Hot News
Este texto foi publicado na Global, newsletter de Federico Rampini: para recebê-lo todos os sábados é só se cadastrar aqui
A China está se preparando para a Terceira Guerra Mundial? Você considera isso possível/provável? Se sim, como você está se preparando? Recorro a uma inspiração preciosa que me foi fornecida pela newsletter Bill Bishop, Sinocismo, um dos observadores da China que sigo atentamente. Foi ele quem relatou a análise publicada no WeChat (a rede social mais popular da China) por um especialista em geopolítica confiável, Professor Zheng Yongnianestudioso ouvido pelos líderes do regime. O ensaio tem um título que não poderia ser mais explícito: «A Terceira Guerra Mundial e o seu barril de pólvora asiático».
Este texto não só se tornou viral, obtendo enorme sucesso entre os usuários do WeChat, mas também parece ter sido lido e comentado pelo próprio Xi Jinping (mesmo que não conheçamos o teor de seus comentários). Uma das lições é esta: A China deve preparar-se para a Terceira Guerra Mundial… mesmo que pretenda evitá-la.

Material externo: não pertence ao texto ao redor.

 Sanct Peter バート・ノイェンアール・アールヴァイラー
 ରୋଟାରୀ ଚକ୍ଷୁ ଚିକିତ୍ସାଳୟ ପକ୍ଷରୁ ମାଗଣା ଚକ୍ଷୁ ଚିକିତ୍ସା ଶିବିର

A análise de Zheng Yongnian, vinda de um estudioso do regime, atribui naturalmente toda a responsabilidade por um possível conflito aos Estados Unidos e ao seu imperialismo agressivo. O tom propagandístico do autor não lhe passou despercebido. Mas sendo um reflexo fiel da mentalidade dos líderes comunistas, é útil mergulhar nesta leitura. Então aqui estão alguns trechos. Daqui em diante o texto é o do estudioso chinês.
§§§
«Com a desintegração da ordem mundial criada após a Segunda Guerra Mundial, centrada nas Nações Unidas, a geopolítica volta a centrar-se na competição entre superpotências e é cada vez mais turbulenta. Isto leva um número crescente de pessoas a acreditar que a Terceira Guerra Mundial pode ser inevitável. Na verdade, segundo muitos, uma nova forma de guerra fria já começou entre as superpotências.
Então a pergunta a ser feita é: Qual será o principal campo de batalha da Terceira Guerra Mundial? De qualquer forma, será a Ásia-Pacífico. A razão é simples. Esta parte do mundo possui todos os elementos capazes de iniciar uma guerra mundial. Podem ser resumidos da seguinte forma: interesses económicos + Estados Unidos + uma versão asiática da NATO + modernização militar + nacionalismo. Por outras palavras, os Estados Unidos estão a tornar-se um iniciador significativo da guerra na Ásia. A principal razão pela qual a América planeia a guerra são os enormes benefícios económicos que pode obter na Ásia.
Se partirmos da consideração de que a América não pode resolver os seus graves problemas internos através da revolução, então a guerra externa torna-se mais provável. Nos tempos modernos, a revolução e a guerra externa têm sido as duas principais soluções para os problemas internos, e não há razão para subestimar a possibilidade de a América ir à guerra para resolver os seus problemas.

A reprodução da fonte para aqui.